I CANT WRITE THE ALGEBRA IN, I HAVE NOT GOT THE SYMBOLS ON MY
PC>>>>>>>>


Answer
Hi Andrew,

I really appreciate that you explained your difficulties.
Okay, the specific heat tells us the amount of energy needed to raise the temperature of a substance by 1 degree celsius per unit mass.

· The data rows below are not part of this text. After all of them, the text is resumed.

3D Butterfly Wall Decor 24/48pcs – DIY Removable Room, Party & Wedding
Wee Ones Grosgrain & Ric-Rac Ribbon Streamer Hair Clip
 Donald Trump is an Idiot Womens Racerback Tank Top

In this problem, we convert (transform) electrical energy into chemical energy.
The electrical power (meaning dissipated energy per unit time [J/sec]) is given by P=VI, where V is the electric potential (also called "voltage") and I stands for electric current, measured in [Ampere].
So, the battery supplies 12*13=156 J/s.

Write "k_water(aq)" for the specific heat of liquid water.
k_water(aq)=4.2x10^3 [J.K/kg]
Write "k_latent(water->steam)" for the latent heat of vaporization.
k_latent(water->steam)=2.6x10^6 [J/kg]

Let's measure temperature in Kevin [=celsius+273.15]
Temperature gradient, dT=T(target) - T(initial)=[373-(273+40)]=60 K

To bring a volume of water from 40 to 100 celsius, we need
E = {(m_water)*k_water(aq)*dT} / efficiency      [in Joules]

where volume of water is "v_water"=70 cm^3 or 70 ml,
density of water "rho_water" is assumed to be 1.0 g/cm^3,
mass of water is given by "m_water"=(v_water)*(rho_water)=0.070 [kg].
under the ideal assumption, 100% energy conversion efficiency means "efficiency=1" and there is no loss of energy in the process.

Ans 2: E = 0.070*4.2x10^3*60 = 1.7640x10^4 [Joules] (i.e., 1.8*10^4 to 2 sig.fig.)
Ans 3: Time taken to reach boiling pt. = E/(V*I) = 113.076...sec (you can round the answer yourself)
Ans 4: Need to supply a great deal of energy to overcome the inter-molecular force between the water molecules, to liberate them from one another.
E(aqueous-to-gaseous)= (m_water)*k_latent(water->steam) [Joules]
= 0.070 * 2.6x10^6 = 1.82x10^5 [Joules]
N.B. Same idea for sublimation in other problems (going from solid to gas).
Ans 5: same approach as part 3.

Note 1: Useful things to remember, if ever in doubt, check the dimensions of each parameter.
The units are there to help you.

eg., in part 2), the three quantities in the following equation,
E = (m_water)*k_water(aq)*dT
have the units, [kg], [J.K/kg], [K] respectively.
When they multiply together, common units cancel just like fractions. You're left with [J] in this case, which is a measure of energy.

Note 2: Some variations --
#If the electrical circuit in this problem consists of a resistor, R [Ohm], and a current I is passing through it.
The electrical power (energy/time) is given by P=(I^2)*R.

#If the electrical circuit connects a battery across a resistor, R,
then, it generates P=(V^2)/R [Joules/sec].

Cheers,
Josh